Besides lack of MMU."
Pete said, "But that would only be a 2
kilobyte screen buffer. I've seen the Japanese personal computers, and
they're pretty functional with only 16 bits of address."
"How functional?"
"All the useful characters."
"Not
by a long shot. Less than two thousand. The real count for a good
newspaper is estimated at over 3,000 characters, but they aren't taking
into account that what will be included in that 3000 will vary from
month to month. And even newspapers will use really oddball characters
regularly, when they need something more precise in meaning, and if you
include the ability to display all the oddball characters, you're well
into 9,000 characters or more. Add historical characters and you easily
triple that count. Chinese is on the order of a hundred thousand
characters. Sixteen bits doesn't cut it, except for very limited
purposes like cash register receipts and utility bills."
"You can't be serious."
"I've
lived over there. I know the hype they give the current crop of PCs and
the sell-job they give the new student of the language, and I know the
reality when you start reading serious literature."

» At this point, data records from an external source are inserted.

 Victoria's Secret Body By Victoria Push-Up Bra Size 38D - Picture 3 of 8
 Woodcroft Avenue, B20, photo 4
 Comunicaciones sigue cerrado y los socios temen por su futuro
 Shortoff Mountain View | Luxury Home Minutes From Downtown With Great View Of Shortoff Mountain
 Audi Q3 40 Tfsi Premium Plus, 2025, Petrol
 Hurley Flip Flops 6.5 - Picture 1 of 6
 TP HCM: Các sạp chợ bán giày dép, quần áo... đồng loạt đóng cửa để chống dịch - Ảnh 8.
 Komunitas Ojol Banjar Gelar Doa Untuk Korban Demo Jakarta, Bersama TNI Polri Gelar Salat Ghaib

"How does anyone remember them all?"
"They
don't, but that's going to be one of the things a real personal
computer will be good for, helping them find and use the ones that they
have trouble remembering. The personal computers they have now are very
limited in scope relative to what they need, and what they will have in
the future. They sell because they don't have anything better."
I
continued after a moments' thought, "If the characters are to have
decently defined glyphs, you want bit-mapped characters that are 32 by
32 pixels, not 16 by 16. 10,000 characters at 128 bytes per glyph is
going to eat up a megabyte of address spaced pretty quickly." (Vector
glyphs were still a bit exotic for a conversation like this, that year.)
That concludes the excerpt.